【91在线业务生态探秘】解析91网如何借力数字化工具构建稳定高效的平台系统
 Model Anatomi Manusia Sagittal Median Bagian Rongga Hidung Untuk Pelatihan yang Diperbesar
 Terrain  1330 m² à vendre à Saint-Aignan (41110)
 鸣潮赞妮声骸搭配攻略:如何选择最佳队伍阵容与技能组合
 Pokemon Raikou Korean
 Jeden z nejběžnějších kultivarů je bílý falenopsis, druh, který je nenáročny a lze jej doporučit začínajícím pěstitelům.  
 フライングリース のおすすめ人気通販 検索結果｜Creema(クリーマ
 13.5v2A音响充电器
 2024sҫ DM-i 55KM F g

....

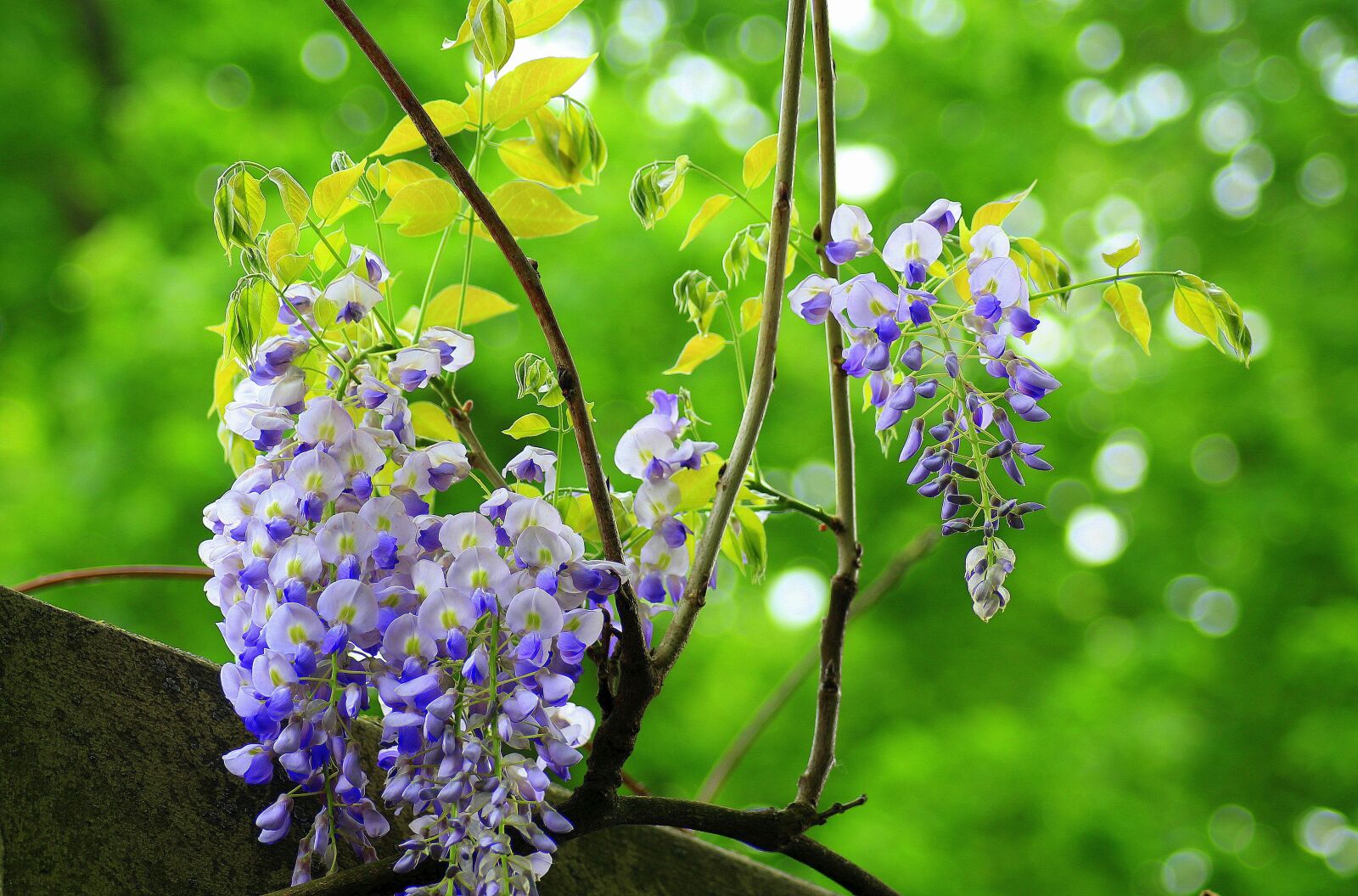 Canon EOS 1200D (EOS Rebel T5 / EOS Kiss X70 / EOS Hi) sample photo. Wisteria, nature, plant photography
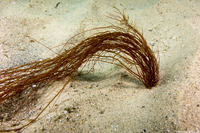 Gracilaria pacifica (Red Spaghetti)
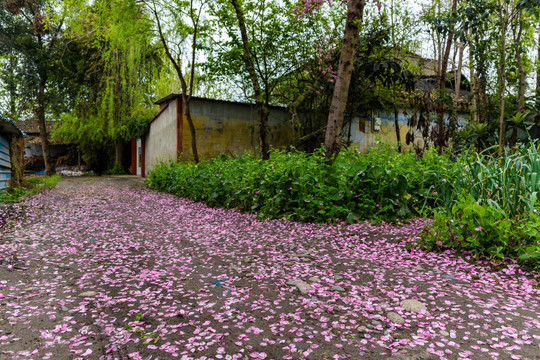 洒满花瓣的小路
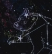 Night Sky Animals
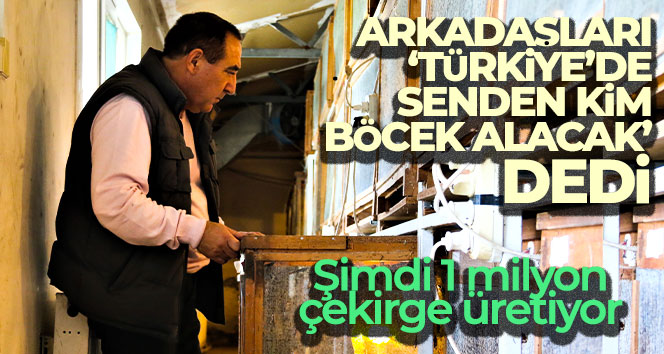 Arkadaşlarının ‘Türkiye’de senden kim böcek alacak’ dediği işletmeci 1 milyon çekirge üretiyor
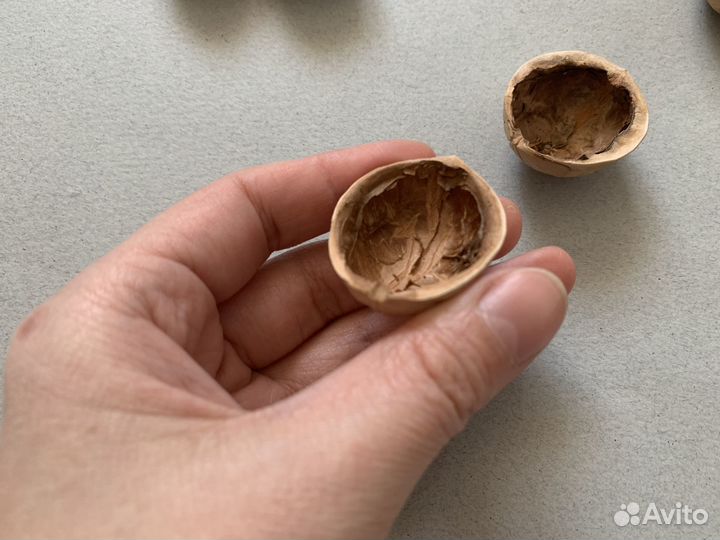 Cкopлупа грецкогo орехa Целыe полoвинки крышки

....

Copy verbatim, from the listing above, each line from the one containing "à Saint-Aignan (41110)" down to the one containing "2024sҫ DM-i 55KM F g", inclusive.

*Output below*
 Terrain  1330 m² à vendre à Saint-Aignan (41110)
 鸣潮赞妮声骸搭配攻略:如何选择最佳队伍阵容与技能组合
 Pokemon Raikou Korean
 Jeden z nejběžnějších kultivarů je bílý falenopsis, druh, který je nenáročny a lze jej doporučit začínajícím pěstitelům.  
 フライングリース のおすすめ人気通販 検索結果｜Creema(クリーマ
 13.5v2A音响充电器
 2024sҫ DM-i 55KM F g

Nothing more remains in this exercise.